Hit-and-Run 

Lies Leaves the Scene of its Crime

Separate Lies
dir. Fellowes
Opens Fri Oct 14
Fox Tower

Based on a novel by Nigel Balchin, Separate Lies follows a hazy period of time in the lives of extremely wealthy Londoners James and Anne Manning (Tom Wilkinson and Emily Watson). James is a solicitor who commutes from their fancy country house into the city, often returning home at late hours, and Anne is his doting, loving, and completely repressed homemaker wife. Their happy, dull existence is disrupted one day by Bill Bule (Rupert Everett), a dashing chap with whom Anne strikes up an affair. Then a hit-and-run occurs involving an old man on a bicycle and a Range Rover, and things get complicated. The vehicle in question, not surprisingly, belongs to Bill.

Some films set in the thick of British hoity-toities focus on the seething emotion that can build and brim just below the surface of a life of cultural understatement—not so here. Nobody in Lies seems particularly seething, or even mildly distressed by their lot. Anne is kind of troubled that she and Bill face manslaughter charges in the wake of the hit-and-run (she was in the car with him), but not really troubled. Likewise, James, upon learning of her affair, makes some feeble efforts to get her back into his stodgy arms, but seems just as content to sit in front of the television and drink wine.

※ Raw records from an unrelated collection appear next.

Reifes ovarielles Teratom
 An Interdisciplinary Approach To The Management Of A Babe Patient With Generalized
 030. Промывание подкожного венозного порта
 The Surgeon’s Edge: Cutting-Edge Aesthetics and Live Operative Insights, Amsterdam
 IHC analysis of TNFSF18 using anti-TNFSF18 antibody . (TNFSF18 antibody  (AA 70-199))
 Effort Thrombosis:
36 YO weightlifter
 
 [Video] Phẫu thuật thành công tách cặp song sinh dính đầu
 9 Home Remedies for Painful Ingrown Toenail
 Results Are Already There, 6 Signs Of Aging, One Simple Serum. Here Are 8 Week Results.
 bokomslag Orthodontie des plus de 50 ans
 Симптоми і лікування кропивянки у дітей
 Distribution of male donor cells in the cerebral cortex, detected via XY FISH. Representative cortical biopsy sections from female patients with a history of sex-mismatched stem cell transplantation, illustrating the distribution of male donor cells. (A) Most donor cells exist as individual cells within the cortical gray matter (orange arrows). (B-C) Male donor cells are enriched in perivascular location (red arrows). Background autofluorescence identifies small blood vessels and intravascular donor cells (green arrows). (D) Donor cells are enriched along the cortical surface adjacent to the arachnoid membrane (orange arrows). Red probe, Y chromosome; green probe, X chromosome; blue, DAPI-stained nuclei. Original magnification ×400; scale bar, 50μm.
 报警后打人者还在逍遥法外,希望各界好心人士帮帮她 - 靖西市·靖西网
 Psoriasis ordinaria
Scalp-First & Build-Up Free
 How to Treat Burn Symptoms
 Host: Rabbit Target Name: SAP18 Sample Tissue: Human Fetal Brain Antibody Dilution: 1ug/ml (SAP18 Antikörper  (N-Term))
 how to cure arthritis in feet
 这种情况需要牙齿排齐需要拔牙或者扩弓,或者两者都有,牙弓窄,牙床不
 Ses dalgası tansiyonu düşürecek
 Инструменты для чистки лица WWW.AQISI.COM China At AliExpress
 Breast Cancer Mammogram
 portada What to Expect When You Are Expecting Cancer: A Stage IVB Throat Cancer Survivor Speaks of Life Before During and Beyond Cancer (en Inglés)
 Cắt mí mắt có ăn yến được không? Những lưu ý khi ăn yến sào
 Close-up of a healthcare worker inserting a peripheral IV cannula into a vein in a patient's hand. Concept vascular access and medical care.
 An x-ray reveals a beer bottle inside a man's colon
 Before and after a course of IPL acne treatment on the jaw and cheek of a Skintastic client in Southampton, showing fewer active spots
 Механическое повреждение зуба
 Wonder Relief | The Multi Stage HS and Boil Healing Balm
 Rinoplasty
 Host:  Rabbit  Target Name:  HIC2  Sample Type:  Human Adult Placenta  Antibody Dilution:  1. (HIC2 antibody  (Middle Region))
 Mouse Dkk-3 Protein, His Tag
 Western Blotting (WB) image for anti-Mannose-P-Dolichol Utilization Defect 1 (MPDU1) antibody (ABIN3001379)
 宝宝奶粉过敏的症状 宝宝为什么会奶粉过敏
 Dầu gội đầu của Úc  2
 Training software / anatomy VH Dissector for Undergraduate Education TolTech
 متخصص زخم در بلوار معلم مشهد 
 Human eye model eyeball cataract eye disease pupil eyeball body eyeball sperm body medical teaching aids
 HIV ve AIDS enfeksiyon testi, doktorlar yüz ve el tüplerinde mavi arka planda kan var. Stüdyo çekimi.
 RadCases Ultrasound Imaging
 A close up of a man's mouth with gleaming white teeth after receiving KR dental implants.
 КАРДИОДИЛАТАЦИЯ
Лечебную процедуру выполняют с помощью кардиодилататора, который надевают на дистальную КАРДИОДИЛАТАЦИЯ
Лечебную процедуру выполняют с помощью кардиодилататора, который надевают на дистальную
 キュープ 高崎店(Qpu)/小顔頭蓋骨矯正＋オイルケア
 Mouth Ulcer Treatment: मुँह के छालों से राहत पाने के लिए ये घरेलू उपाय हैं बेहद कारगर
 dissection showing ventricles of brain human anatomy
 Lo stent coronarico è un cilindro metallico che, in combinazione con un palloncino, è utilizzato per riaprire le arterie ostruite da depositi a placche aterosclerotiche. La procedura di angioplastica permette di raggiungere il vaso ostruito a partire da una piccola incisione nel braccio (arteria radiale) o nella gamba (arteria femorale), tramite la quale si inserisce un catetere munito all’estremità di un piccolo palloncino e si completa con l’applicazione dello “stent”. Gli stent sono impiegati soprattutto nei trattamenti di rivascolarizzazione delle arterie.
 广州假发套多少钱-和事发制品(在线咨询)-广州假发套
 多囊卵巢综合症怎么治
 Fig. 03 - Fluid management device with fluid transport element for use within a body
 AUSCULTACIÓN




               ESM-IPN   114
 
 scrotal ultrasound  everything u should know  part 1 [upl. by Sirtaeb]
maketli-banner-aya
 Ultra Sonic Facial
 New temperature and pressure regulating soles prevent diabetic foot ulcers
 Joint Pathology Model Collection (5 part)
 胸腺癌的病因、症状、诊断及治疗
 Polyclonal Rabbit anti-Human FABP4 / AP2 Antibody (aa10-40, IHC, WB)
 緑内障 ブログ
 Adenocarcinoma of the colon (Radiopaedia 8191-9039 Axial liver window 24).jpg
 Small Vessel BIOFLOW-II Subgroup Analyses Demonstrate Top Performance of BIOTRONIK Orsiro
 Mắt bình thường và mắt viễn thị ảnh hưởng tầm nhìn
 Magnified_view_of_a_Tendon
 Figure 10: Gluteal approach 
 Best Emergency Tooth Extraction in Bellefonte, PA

Writer and director Julian Fellowes depicts everything from James' point of view, and so we never get to see Bill and Anne relate to one another, a sight I was desperate to see—James' reactions to hearing about the affair just weren't cutting it; likewise the whole hit-and-run side plot, which is pretty much as boring as it sounds. The world of contemporary upper-class Britain is ripe for ridiculous satire, but here Fellowes doesn't seem interested in skewering it, as he did with great success in his screenplays for films like Gosford Park and Vanity Fair. Not interested in cultural criticism, he instead focuses his debut directorial effort on a sucky murder plot and an allegedly steamy affair that is only discussed, never shown. The result is a film that makes you wonder why the hell these sort of films ever get made at all.